下手したらそこら辺のアイドルよりも可愛いのではないだろうか。そしてなにより…
「どう?家から持ってきてみたの。湊くんの好みに合わせたつもりなのだけれど…」
「…あ、えと、めっちゃ似合ってます」
…めっっっちゃ俺の好みだ。やばいぐらいに。ドンピシャだ。その可憐でありながら可愛らしい姿は既に俺を惑溺させていた。
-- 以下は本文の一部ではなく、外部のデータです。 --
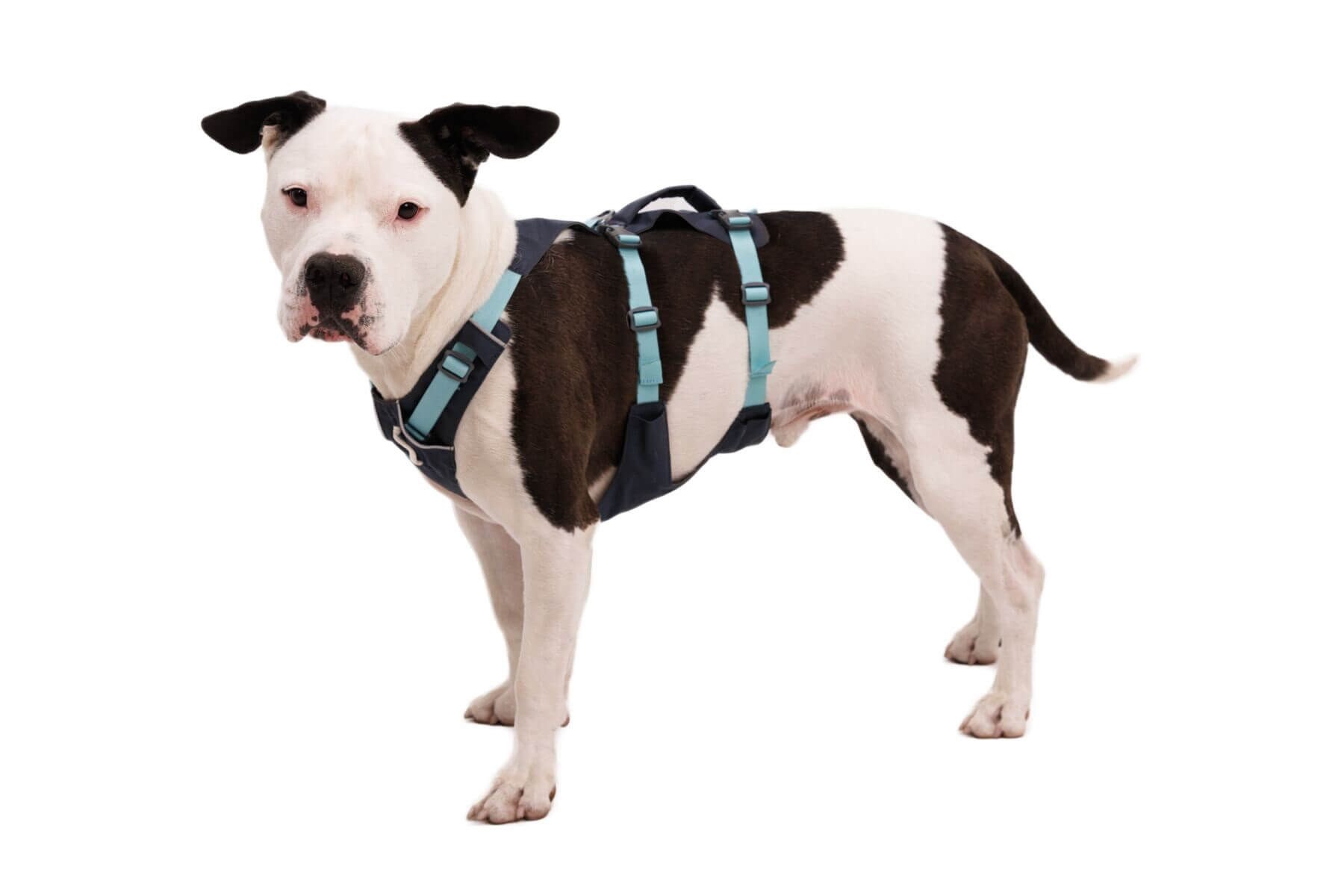 Ruffwear Hunde-Geschirr Flagline Harness günstig online kaufen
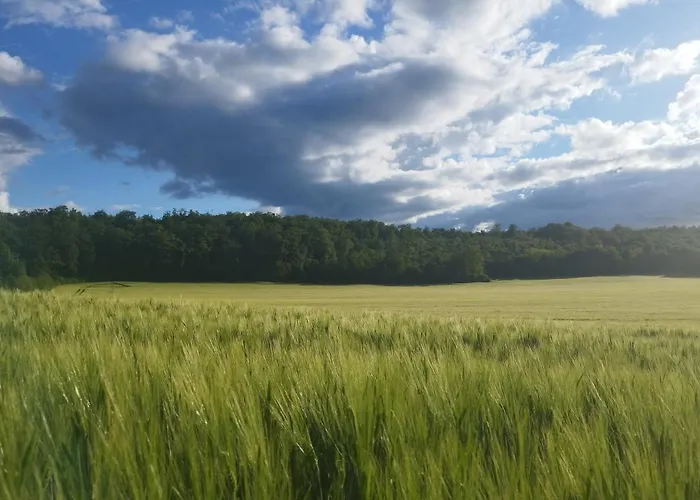 Holiday home Avec Jardin Viterne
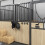 VidaXL vidaXL Bridle Racks 3 pcs Wall Mounted Saddle Rack Saddle Stand Black Iron 3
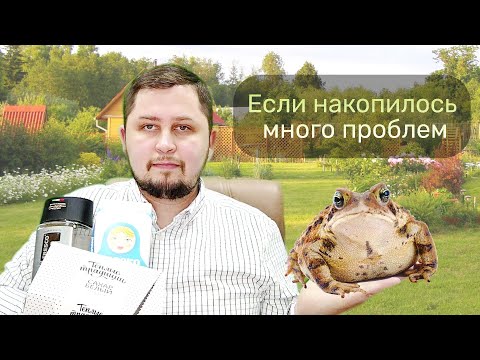 Если накопилось много проблем. Психолог Артём Скобёлкин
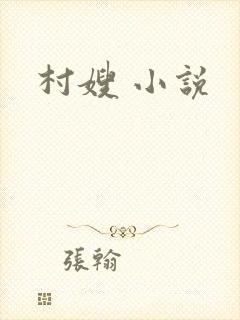 村嫂 小说
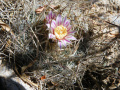 Stenocactus ochoterenanus 01.jpg
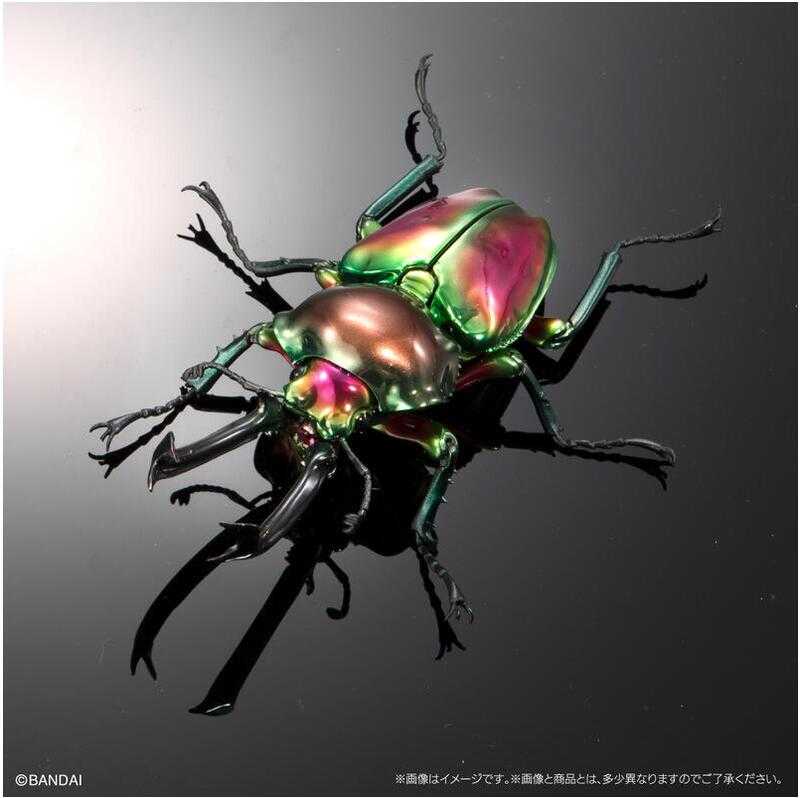 【台中金曜】店鋪現貨 PB限定 生物大圖鑑進擊 寶石金龜與彩虹鍬形蟲 轉蛋 扭蛋 全5種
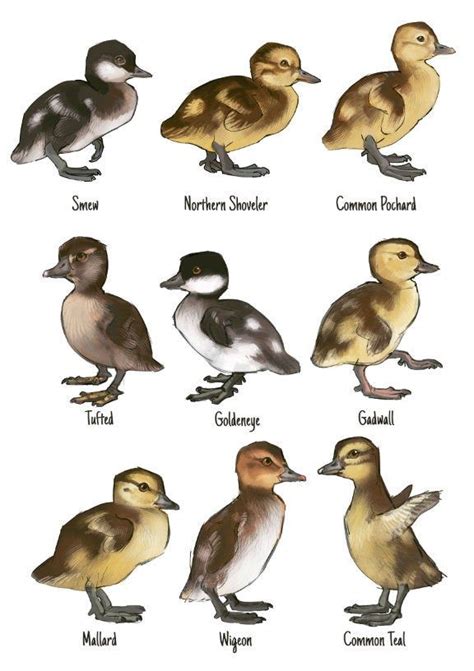 Duckling And Duck Chicks Art Print And Poster Painting Wall Art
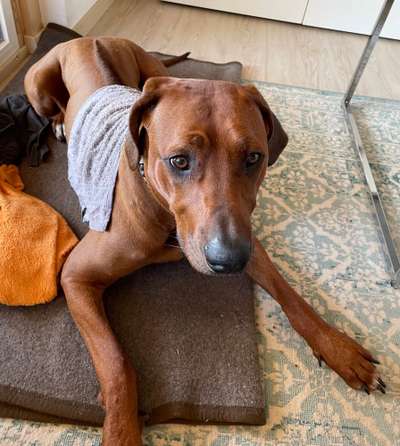 Rhodesian Ridgeback-Beitrag-Bild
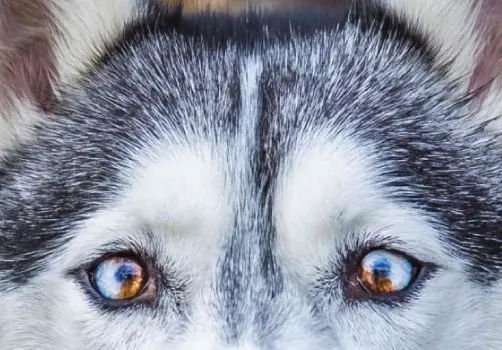 Particolored Husky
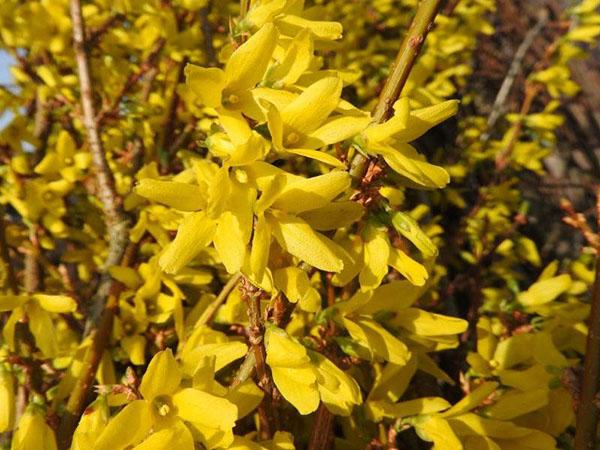 fleurs d'or forsythia lynwood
「ふふっ、そう。それならよかった。だからってそんなに見つめなくてもいいのよ?」
いじらしい笑みを浮かべる彼女。完全に俺の心を掌握している彼女相手では俺に勝ち目は無い。完全に自分の長所を理解してそれを存分に活かしきっていいる。
「で、そちらの準備はどうなのかしら?」
「ちょうど出来たところです」
「そう。私の着替えにタイミングをあわせるとは、流石湊くんね。私の事をよく分かってるわ」
…そういうわけじゃないんだけどな。まぁなんか上機嫌だしそういうことにしておくか。
「それじゃ、行きましょうか」
「えぇ。湊くん」
「手、ですよね?」
玲奈が口にするよりも早く俺は手を差し出した。彼女はこういう時は絶対に手つなぎを要求してくる。同棲生活の中で分かったことの一つだ。理由は俺を逃さないためかと思われるが、以前に仁奈から聞いた寂しがりという部分もあるのかもしれない。
少し目を見開いた後に彼女はふふっと微笑んだ。
「…ふふっ、分かってるじゃない湊くん」
「流石にこのぐらいは分かりますよ。さ、行きましょう」
彼女の手を取り、俺は家を出た。このこともあってか、彼女は向かう途中は終始上機嫌だった気がする。